Joe Kesrouani, exilé dans sa tête

Bas les masques avec les paysages critiques de Joe Kesrouani, une série de photos accrochées à l’Institut français.

Joe Kesrouani ©AnneFrancoisePelissier

Il n’aime pas beaucoup parler, mais ses photos le font pour lui. Lui veut rester, comme dans un de ses premiers accrochages, « Unexposed ». Pudeur des sentiments, pudeur des émotions, pudeur de tout ce qui a trait à sa vie intérieure : Joe Kesrouani ne s’expose pas. Ce sont ses œuvres picturales et actuellement photographiques qui s’affichent, souvent en grand, parce qu’il aime les grands tirages. À l’Institut français où sont accrochés, jusqu’à la fin du mois de mars, plus de huit clichés réalisés au cours de ces cinq dernières années, intitulés Paysages critiques c’est toute la démarche artistique et sensorielle de cet artiste qui se dévoile et se déploie. Et si son esprit semble voguer en eaux troubles, vu l’état actuel de son pays, son œil ne se trouble : il est clair, vif, incisif.

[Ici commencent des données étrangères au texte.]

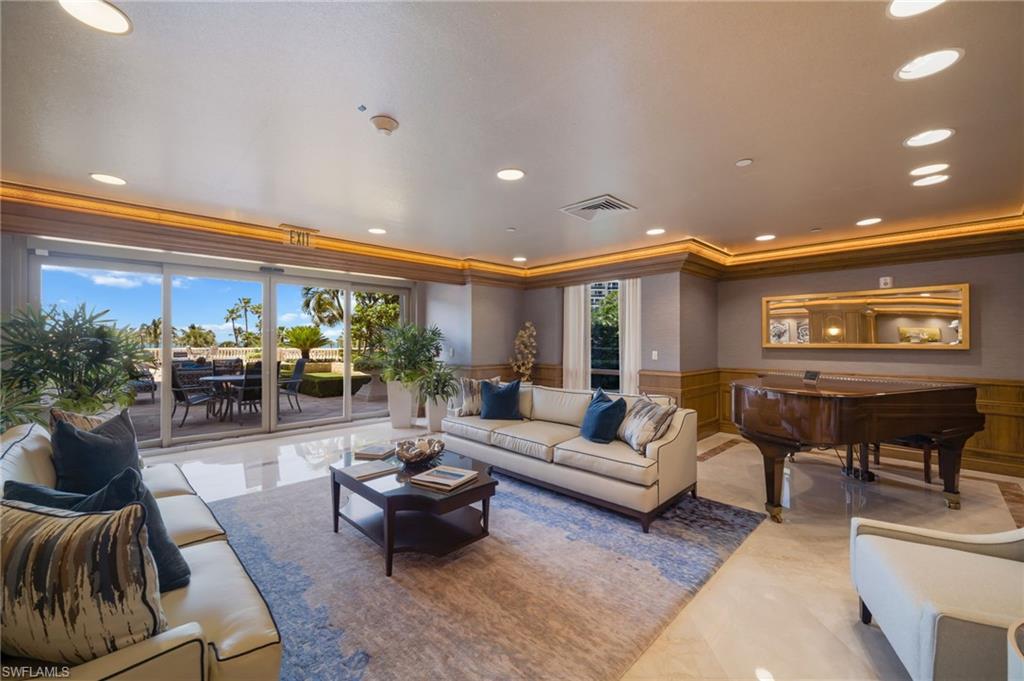 BRITTANY - Residential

Multipliant les allers-retours entre Paris et Beyrouth, Kesrouani n’en demeure pas moins profondément attaché à ce Liban qui l’a vu naître et grandir. Telle une éponge qui absorbe ce qui l’entoure, essoré, il en ressort avec des images qui prennent pratiquement vie, des photos qui racontent le Liban et sa dérision, qui fustigent le laxisme et l’indifférence. Ce ne sont pas des photos documentaires : elles sont charnelles.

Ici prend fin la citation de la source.